When considering what matters (Food, Gas, Rent, Hardware Goods, Medical, Restaurant, Everything) things like Food and Gas are 2 to 3 times more than they were a few years ago.
Powell has indicated that the Federal Reserve might not wait until inflation is fully down to 2% before cutting rates, acknowledging the long and variable lags in the effect of monetary policy.
Market Reactions and Financial Conditions:
The Federal Reserve's shift towards a more accommodative stance has made the prospect of lowering rates more complicated.

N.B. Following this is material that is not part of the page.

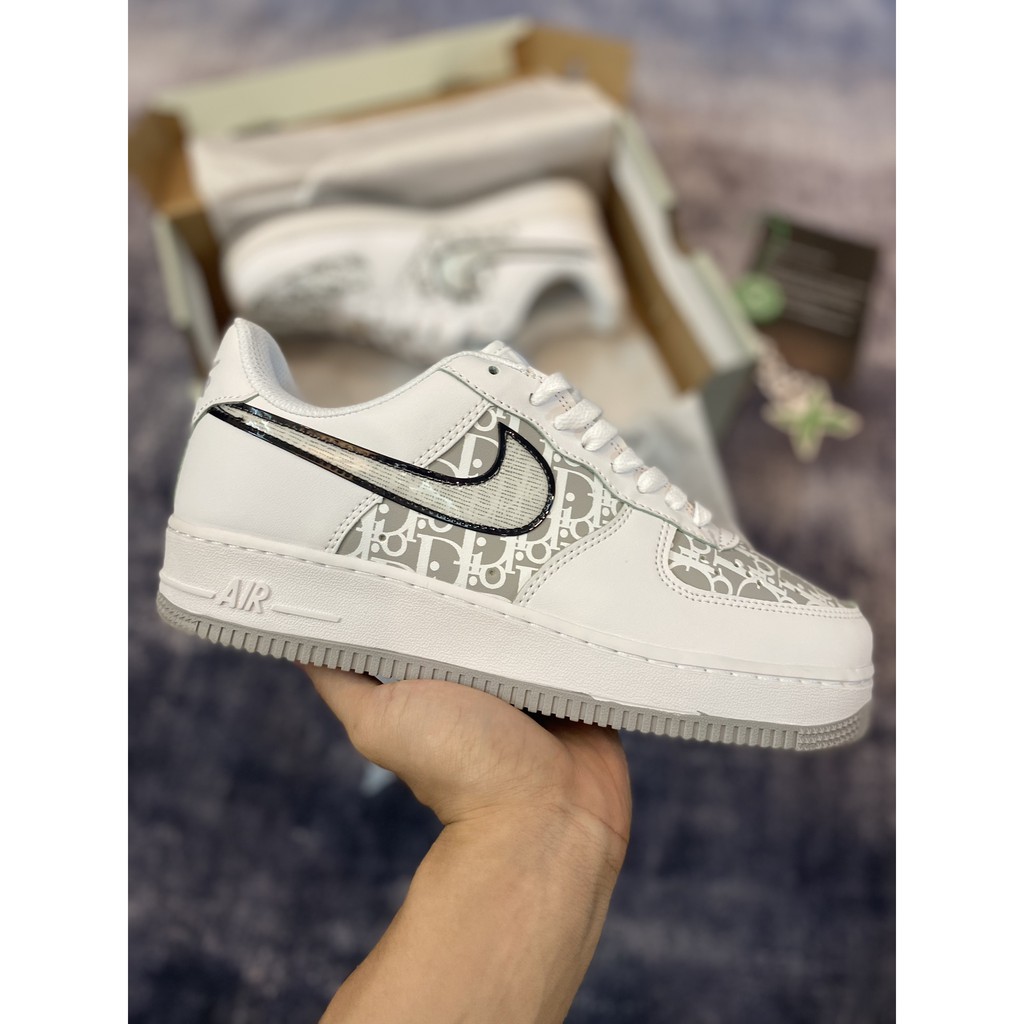 [MyGsneaker] Giày AF1 Monogram chữ xám bản tiêu chuẩn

The Bloomberg U.S. Financial Conditions Index shows that credit conditions have become more favorable, complicating the Fed's ability to cut rates without inadvertently easing financial conditions too much.
The stock market has reacted positively to the Fed's signals, with significant gains in indices like the S&P 500, further complicating the Fed's position on rate cuts.

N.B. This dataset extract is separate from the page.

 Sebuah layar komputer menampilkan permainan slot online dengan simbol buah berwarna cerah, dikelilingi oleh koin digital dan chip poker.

Policy Discussions and Projections:
Recent minutes from the Fed's policy meetings reveal ongoing discussions about the efficacy of continued tightening measures and the potential diminishing impact of high rates on economic growth.

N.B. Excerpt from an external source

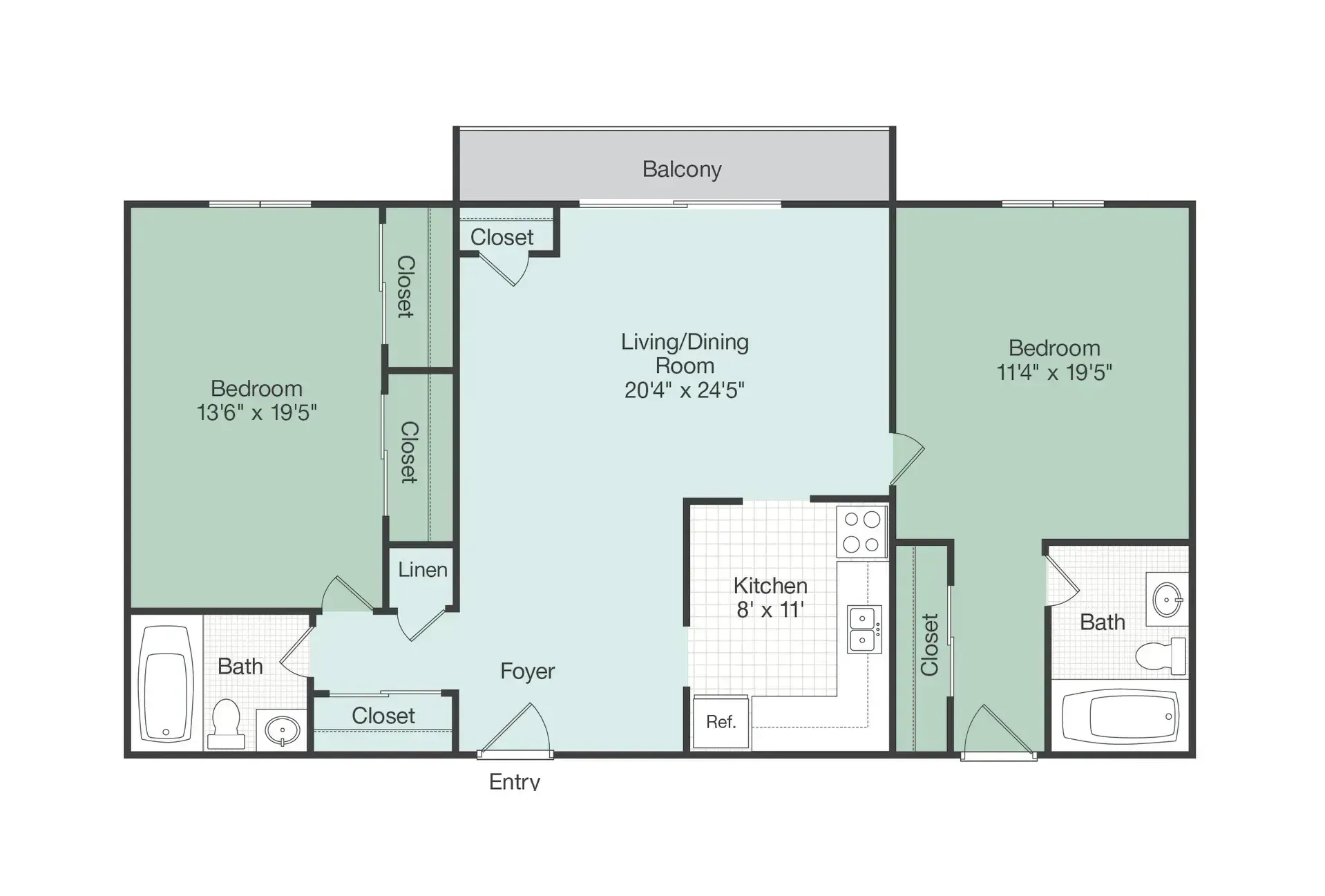 A floor plan of a house with two bedrooms and a balcony.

Powell has emphasized that delaying rate cuts could negatively impact economic activity and employment, signaling a potential shift towards reducing rates if economic conditions warrant it.
Summary of Statements
Bloomberg: Powell kept hopes alive for an interest-rate cut in 2023 but did not provide a definitive schedule, citing the need for inflation to decelerate.
Fortune: An economist warned of a paradox where the Fed's stance on rate cuts could inadvertently ease financial conditions, complicating the actual implementation of rate cuts.
Wall Street Journal: Powell suggested a shift in focus towards considering rate cuts as inflation declines and the labor market slows.
AP News: Powell's testimony highlighted a cooling job market and persistent high prices, indicating a potential move towards reducing interest rates.
CNBC: Powell stated that the Fed would not wait until inflation hits 2% to cut rates, emphasizing the importance of timely policy adjustments.
These developments indicate that while the Federal Reserve is considering rate cuts, the timing and implementation are complex and influenced by multiple economic factors.
end of section
Silver is once again at a 4-year previous resistance, which will act as a support.
Last Thursday and Friday's drop in Silver can be explained by the Gold/Silver Ratio Back testing the previous Support line.
Despite Silver’s Drop last week Silver is still the #1 winner for 2024
Silver has shown a larger percentage increase in value compared to gold in 2024. Here's a breakdown of the information:
Silver has experienced a significant price increase in 2024, with reports indicating a rise of nearly 35% since the start of the year.
On May 21, silver prices closed at approximately $32.00/ounce, representing this substantial rally.
In contrast, gold's price increase has been more modest. According to one source, gold has risen about 13% year-to-date (YTD). This is significantly less than silver's 35% increase.
Another source mentions that silver has gained more than 22% so far in 2024, outperforming gold. While this figure is lower than the 35% mentioned in the first source, it still shows silver outpacing gold's growth.
The strong performance of silver is attributed to various factors, including favorable supply-demand dynamics, expectations of Federal Reserve interest rate cuts, and increased industrial demand.
Silver Academy reporter Jon Little believes the Trump Vance administration will devalue the US dollar sending Silver much higher.
Jon Little also stated that the Gold to Silver ratio will continue in Silver’s favor.
Several analysts and institutions have positive forecasts for silver in 2024, with predictions ranging from $30 to $48 per ounce by the end of the year. These projections further support the strong performance of silver relative to gold.
Silver has shown a larger percentage increase in value compared to gold in 2024, with silver's growth ranging from 22% to 35%, while gold's increase is reported at around 13%.